Some 64% of Italian investors said they did not stick with their investment plans during the high volatility period recorded in the last three months of 2018, according to Schroders' latest annual Global Investor study.
From this share, some 31% made their changes towards high risk options while 36% said they had moved to lower risk investments. A remaining 15% reallocated part of their portfolios into cash.
Conversely, over a third (36%) of investors in the southern European country held their nerve during the market tumble and kept their risk allocation unchanged. The figure is slightly higher compared to 30% globally and 30% at a European level.
The study, which comprises 25,000 people from more than 32 countries - all of whom will invest at least €10,000 or equivalent over the next 12 months, also found investors expect an average income of 10.3% over the next 12 months.

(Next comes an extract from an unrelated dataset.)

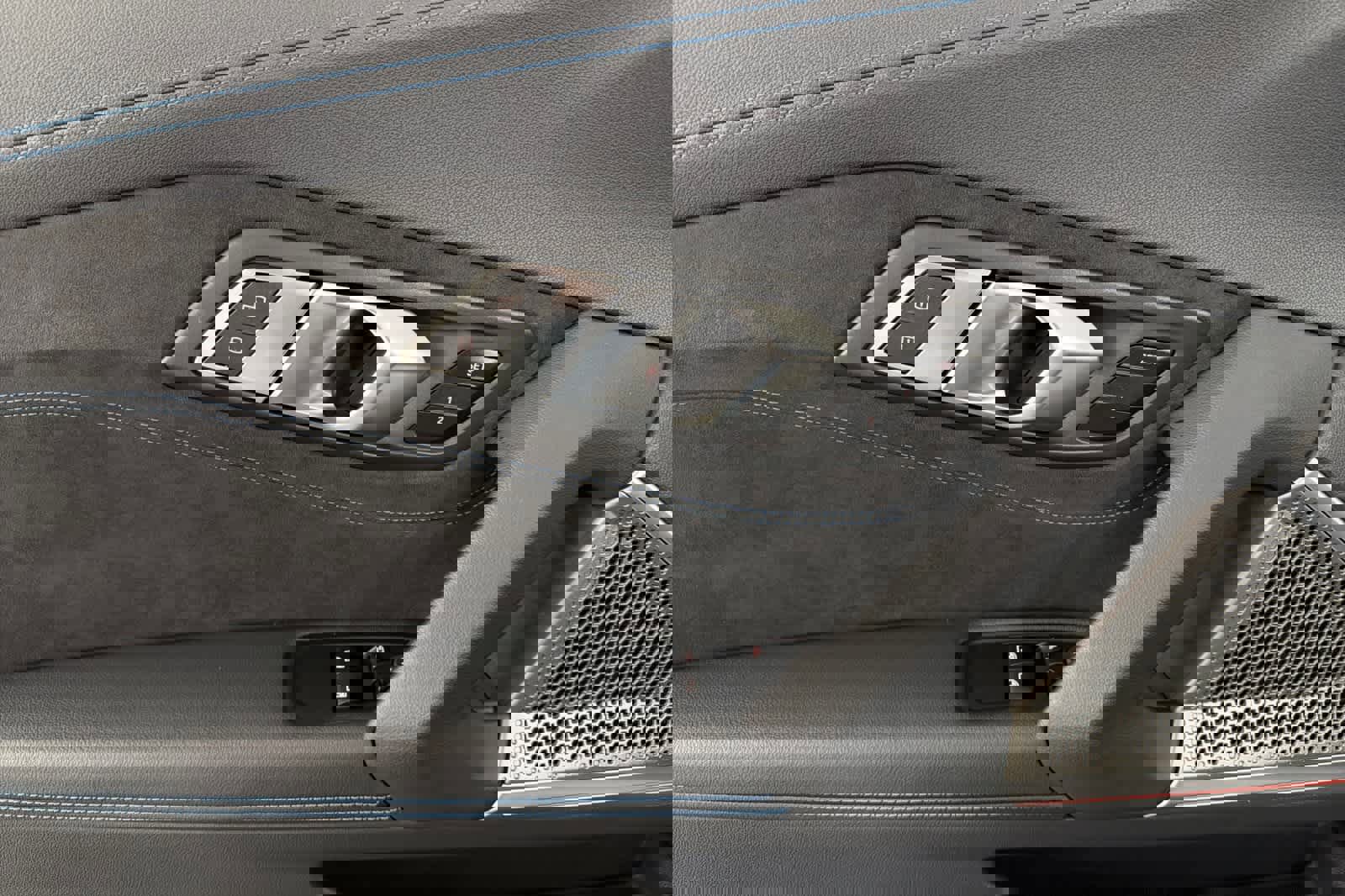 Used 2022 BMW Z4 M40i w/ Premium Package image 14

Schroders' research also showed that Italian investors hold their investments on average for 2.2 years, less than half of the recommended five-year period and less than global and European investors, whose average are both 2.6 years.
Millennials resulted to be the most impatient generation, holding their investments for an average of 1.9 years, compared to the 2.6-year average holding period for Italian baby boomers.
Almost half (48%) of Italian millennials agreed that the biggest danger to their investments was not taking enough risk to achieve their investment objectives.
Charles Prideaux, Global Head of Product and Solutions, Schroders, commented: "The ebbs and flows of markets are always going to keep investors on their toes but the key is to focus on the long term. Chopping and changing investments particularly during challenging markets is likely to be detrimental for investors' portfolios and ultimately lead to disappointing investment returns.
"Instead it is critical to look through the uncertainty: our goal at Schroders is therefore to deliver investment solutions that reflect investors' needs through time and which also suit their risk appetites."